**REQUIRED ACTION**. Leaving out the pictures, output the lines from the one that contains "美容液で毛穴黒ずみが残る30代女性の通り道を整理する相談ボード" through the end of the material, exactly as they stand.

**SUPPLIED DATA**.
<<<<

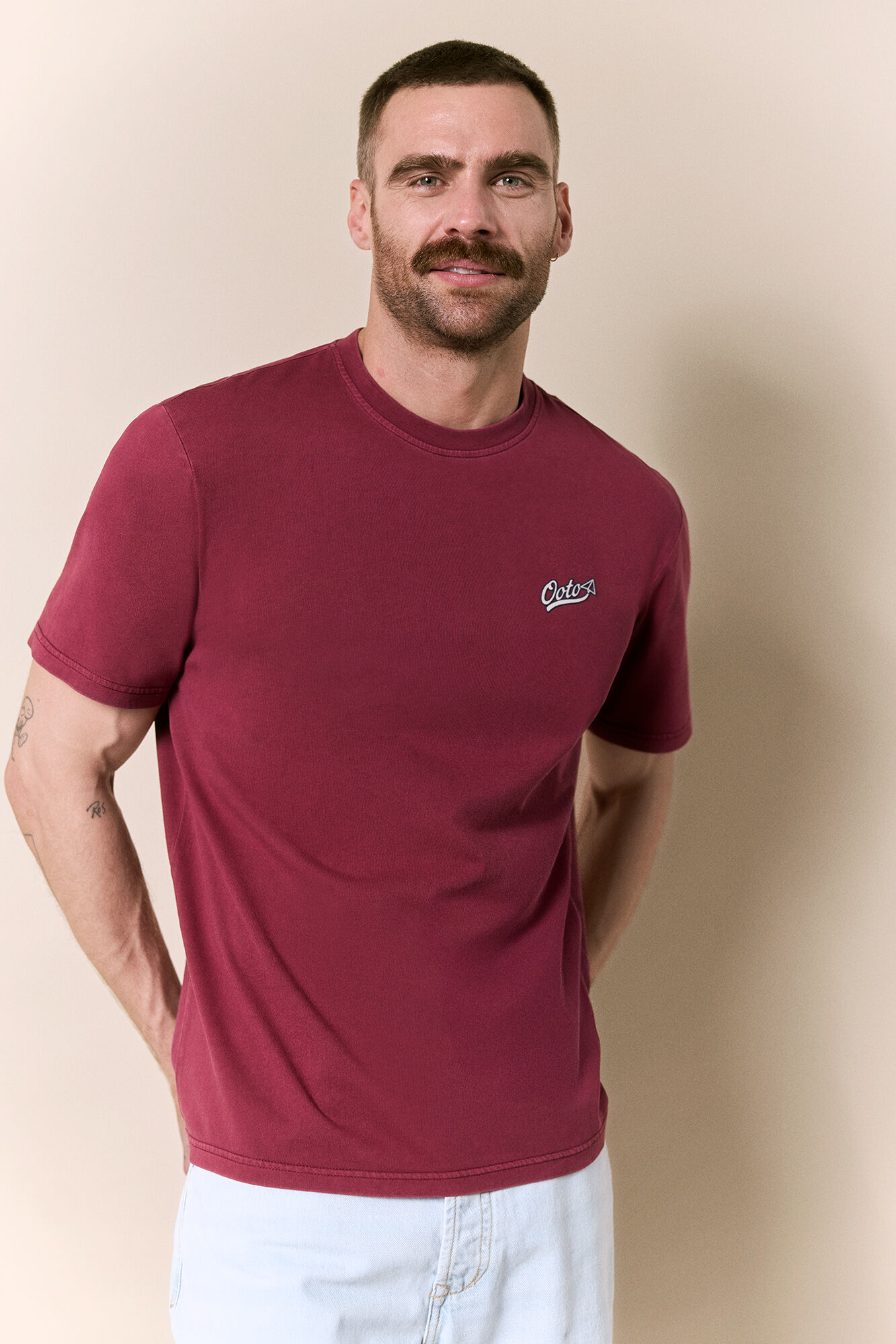 OOTO Washed short sleeve logo T-shirt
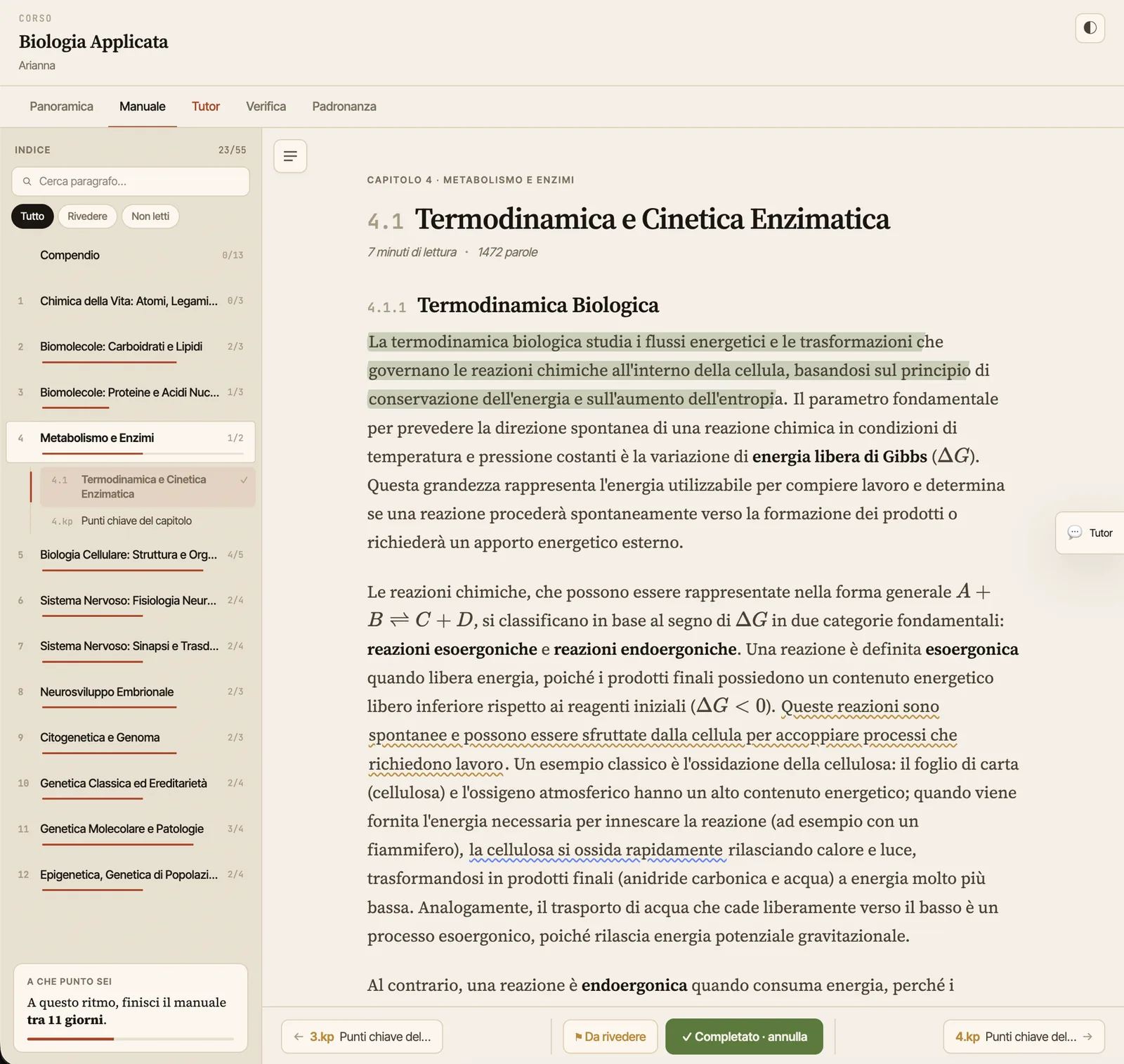 Il reader di Arianna: il manuale del corso di Biologia applicata, con indice, avanzamento per capitolo e tutor a lato.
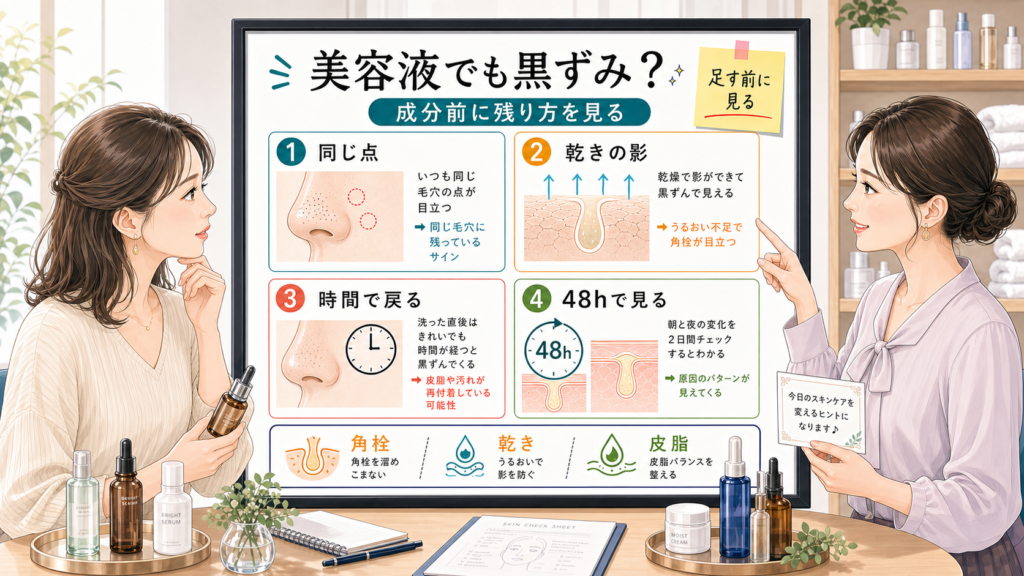 美容液で毛穴黒ずみが残る30代女性の通り道を整理する相談ボード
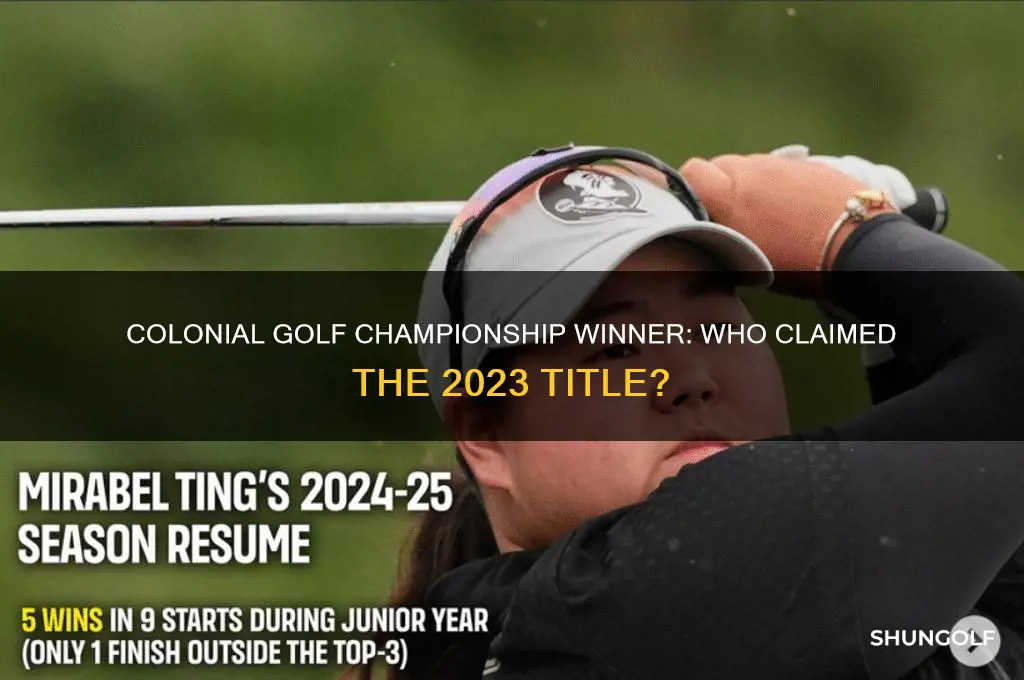 who won colonial golf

>>>>

**ANSWER TO THE EXERCISE**.
 美容液で毛穴黒ずみが残る30代女性の通り道を整理する相談ボード
 who won colonial golf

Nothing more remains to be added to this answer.